A favicon is the small icon that appears in your browser tab, bookmarks bar, and on the home screen when someone saves your site to their device. Though tiny, it is one of the most visible brand touchpoints your website has — users see it constantly while browsing.
Why You Need More Than One Favicon Size
Modern browsers and devices each have their own icon requirements. A single 16x16 ICO file is no longer sufficient. Apple devices need a 180x180 touch icon for the home screen. Android and PWA installations need 192x192 and 512x512 PNG files. Windows uses 48x48 for taskbar shortcuts. Covering all these means generating at least seven distinct files from your logo.
The Complete Favicon Size Guide
- 16x16px — Classic browser tab icon (low-DPI displays)
- 32x32px — Standard browser tab (most modern displays)
- 48x48px — Windows site shortcut
- 96x96px — Google TV and high-DPI shortcuts
- 180x180px — Apple touch icon (iOS home screen)
- 192x192px — Android home screen and PWA manifest
- 512x512px — PWA splash screens and app store previews
Best Favicon Formats: PNG vs ICO vs SVG
Modern browsers support PNG favicons directly — you no longer need ICO format. PNG is recommended for all modern use cases. SVG favicons are gaining support (Chrome, Firefox, Edge) and scale perfectly at any size; Safari still requires a PNG fallback. ICO format is only needed for IE11 and older browser support.
Branding Tips for Favicons
At 16px, complexity disappears entirely. Use your logo mark — not your full wordmark — and test it on both dark and light browser themes. A transparent background lets the icon adapt naturally; a solid background gives more control but can look jarring in dark-mode browsers. Keep the design bold with strong contrast.

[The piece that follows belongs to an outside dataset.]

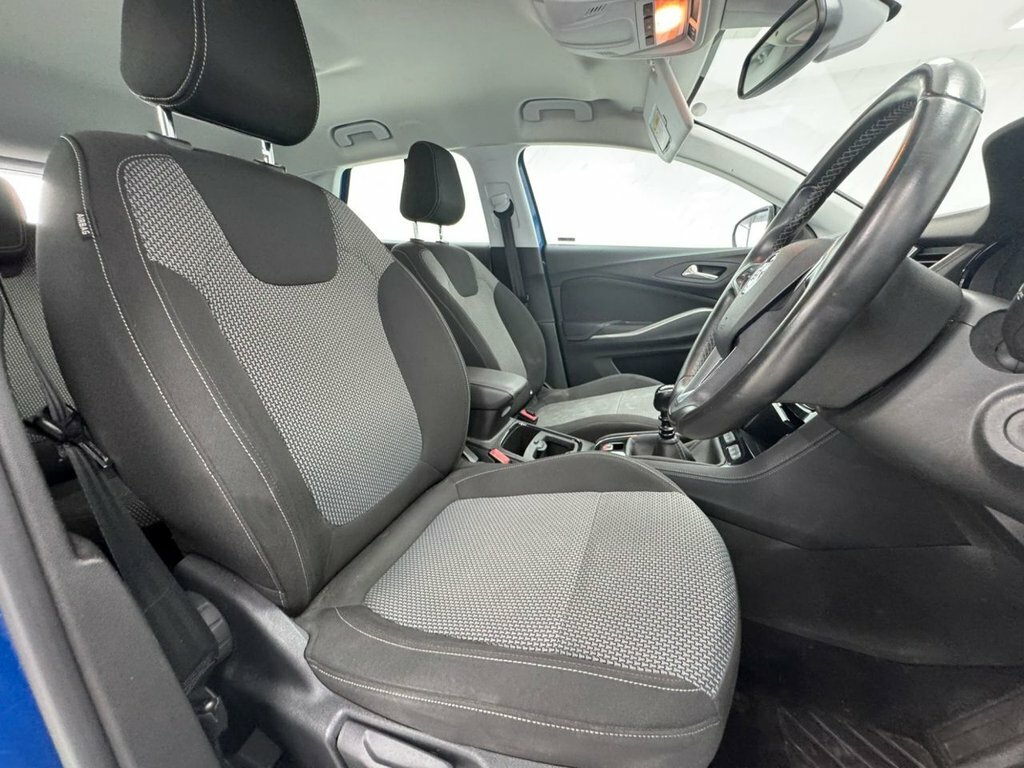 Vauxhall Grandland X Se Ss White #17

PWA Icons and Web App Manifest
If your site is a Progressive Web App, your site.webmanifest must reference icon paths. Add the 192x192 and 512x512 icons with purpose: 'any maskable' for adaptive icon support on Android. The maskable purpose means the launcher can apply a shape mask without clipping important content — keep your logo within the inner 80% of the canvas.